一気に寒気を感じた。何を言っているかまでは聞こえないが、なんとなくその方向性を予測出来て嫌になる。ボクのどこが違うっていうのだ。水上に出ている部分が寒くて仕方ない。
水中に潜って、海の外の世界や音から逃げる。それでも声の断片が降って来る。それが嫌で足を動かして泳いで水中を進む、陸地から遠ざかる。
温かな海を泳いでいると、魚の群れが見える。数えきれない程の数が揃って泳ぐ姿にいつものように圧巻されもしたが、仲間外れもいないのを見てボクは水中で口を開く。
『ボク、さかなになりたい』
「ゼーグはバカだなー!」
目を開いた時、ボクはもう水中にいなかった。
目に見えるのは故郷の海や魚の群れではなく、それなりに見慣れた木の天井だった。肌で感じる感触も、寝巻きと布団の柔い感触だ。
「夢か……」
上半身を起こして、あたりを見回してブープがベッドから落ちているのや、反対にダックスが布団に一切の乱れを出さずに熟睡しているのを見て、そう口にする。
「バーカ、バーカ、それでおれは天才!」
ブープの寝言が寝言と思えない程、五月蝿い。多分、これで目が覚めたな。
「おれの方がつよいしっ――ふごっ」
どんな夢を見ているが知らないが、なんかボクが腹立つ目に遭っているのは分かるので、自分のベッドから降りて、鼻を一瞬だけ摘んで黙らせる。
その際、ベッドから身体のみ落ちて寝ていて風邪を引かれても馬鹿らしいので、布団を適当に大口開けてる馬鹿に被せる。シーツを洗濯することになるだろうが、そこは落ちたこいつが悪い。半覚醒状態で、人をベッドに戻すなんて元気はボクには無い。
この間、ブープには起きる気配が全く無い。床に落ちていようが、気持ちよさそうに寝ている。平和面が羨ましい。
「変な夢見た」
視点がぐるぐる変わってよく分からないし、なんか昔の記憶と最近の記憶とごちゃごちゃになっているし、いきなり海にいた。そもそも夢というものに理路整然としていることを求めるのはおかしいが、前半はともかく後半はあまり気分が良いものではなかった。
海から外に出なければ良かった。ああ、昔魚になりたいと願ったのも魚はえら呼吸で海の世界にずっといられるからというのも理由にあった。
部屋にある窓とカーテンの隙間から青い月の明かりが入ってくる。カーテンを少し開いて手を翳せば、薄い青色に手が染まる。同じ青の世界だけど海の水の感触と、陸の空気の感触は違う。
ボクは魚にはなれない。海中の肺呼吸の生物にもなれない。ボクは人間で、陸の生き物だ。今はそれでも良かったと思っている。
カーテンを閉じようと布に手をかけるが途中で止まる。
青い月が強い光を放っているところから少しそれた位置で、赤い月も僅かな光を放っていた。
輝く青い月に、カラビト様が好まれる青の月に本来ならボクは目がいくだろうが、あんな夢を見たせいか、赤い月と目が合う。

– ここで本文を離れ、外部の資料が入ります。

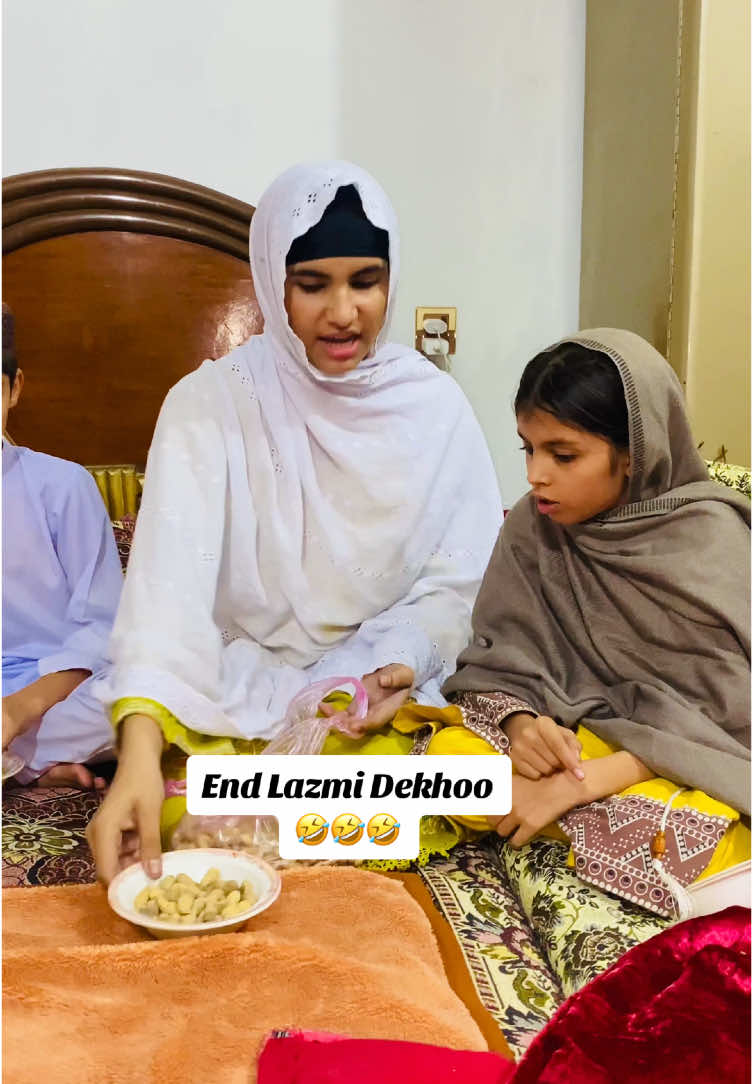 #punjabifamilyofficail #foryou #fypツ #welovetismile #foryoupage #village #trending #punjabi #funnyvideo #viral #funny 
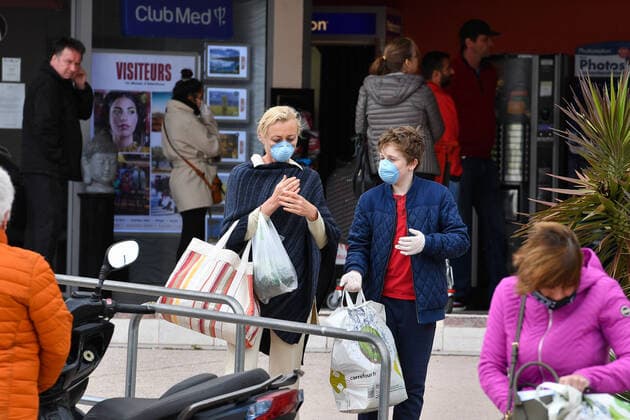 Coronavirus : des clients masques sorte d un magasin Carrefour a Nice. France imposes lockdown NEWS : Covid 19 Coronavirus en France - Nice - 23 03 2020 LionelUrman Panoramic 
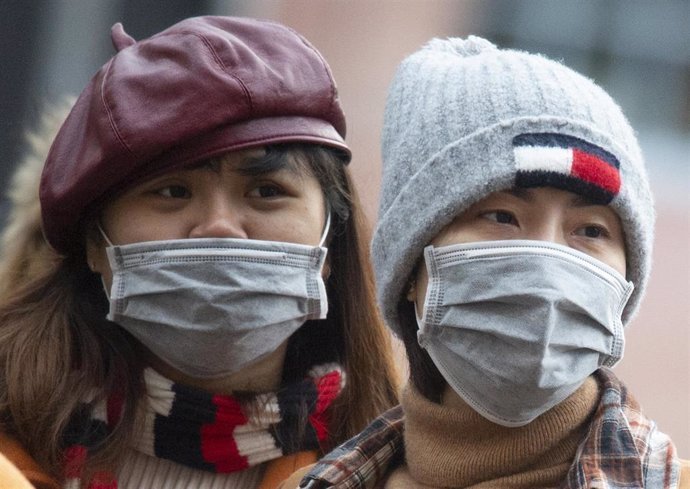 Gente protegiéndose del coronavirus en China
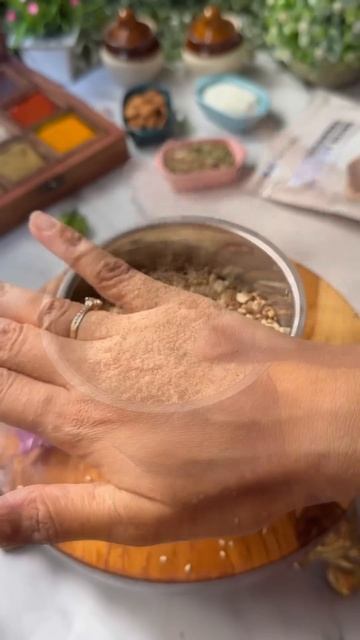 High Protein Dry Fruits Laddu | Healthy And Glowing Skin Recipe #shorts #ytshorts #reels #trending смотреть онлайн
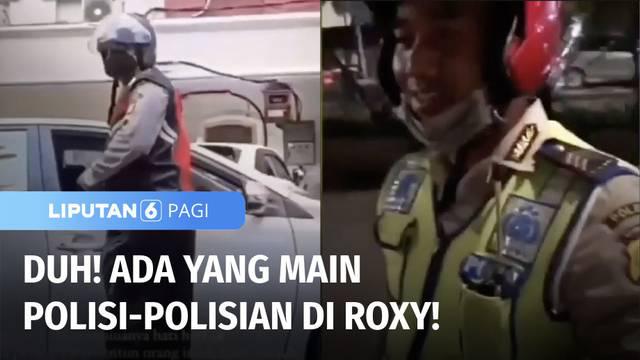 Rekaman video seorang polisi yang diduga gadungan tengah menilang pengendara mobil di kawasan Roxy, Gambir, Jakarta Pusat, viral di media sosial. Setiap kali beraksi, polisi misterius itu tak pernah memberikan surat tilang.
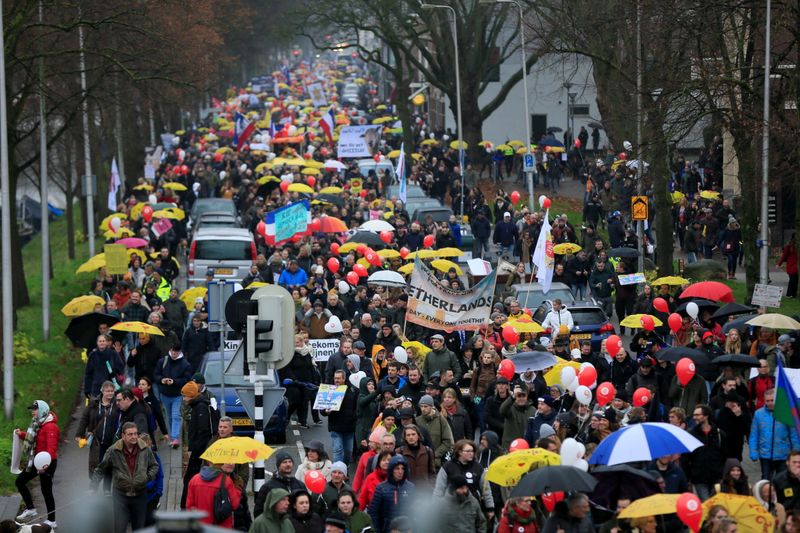 &copy; Reuters. People protest against new measures to fight a record surge of coronavirus disease (COVID-19) infections, in Utrecht, Netherlands, December 4, 2021. REUTERS/Eva Plevier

……以前、夢と同じようにジングフォーゲルが騒いでる平民連中を見ていたのに気付いたことがあった。でも、遠かったらそこまで鮮明に見えなかった。『いいな』なんてきっと言っていなかった。あそこはきっとボクの捏造だ。
ジングフォーゲルは生きている世界が違うのだ。あれは違う。ボクとは違う。あんな綺麗で、特別で、文武両道で、完璧な、カラビト様のような奴なんだから、ボクみたいな人付き合いが下手で碌なことを口にしない奴と一緒な訳が無い。
そう思っているのにどうして夢の中とは言えど『いいな』なんてジングフォーゲルが言っていたのだろう。どうして幼い頃のボクの『さかなになりたい』だなんて願いと重なるのだろう。

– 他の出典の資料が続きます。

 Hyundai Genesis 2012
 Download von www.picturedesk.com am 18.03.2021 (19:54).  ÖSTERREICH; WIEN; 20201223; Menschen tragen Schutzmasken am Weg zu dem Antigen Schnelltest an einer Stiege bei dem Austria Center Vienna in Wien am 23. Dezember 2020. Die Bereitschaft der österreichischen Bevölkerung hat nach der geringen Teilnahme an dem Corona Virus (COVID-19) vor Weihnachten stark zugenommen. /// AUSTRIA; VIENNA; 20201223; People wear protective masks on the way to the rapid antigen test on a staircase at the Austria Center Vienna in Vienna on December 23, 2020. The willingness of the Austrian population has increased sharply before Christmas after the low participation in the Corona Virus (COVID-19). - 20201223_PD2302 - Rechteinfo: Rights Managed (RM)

赤い月がまるで遠くから何かを見つめる瞳のように見えてくる。目が離せない。
「おれの分食うなよなー、ゼーグ」
だが、呑気な同室者の不快な寝言で我に返る。
………………たかが夢だ。寝ればすぐ忘れる、深く考えるな。
そう自分に言い聞かせて、カーテンを閉め切って赤い月から自分を遮断した。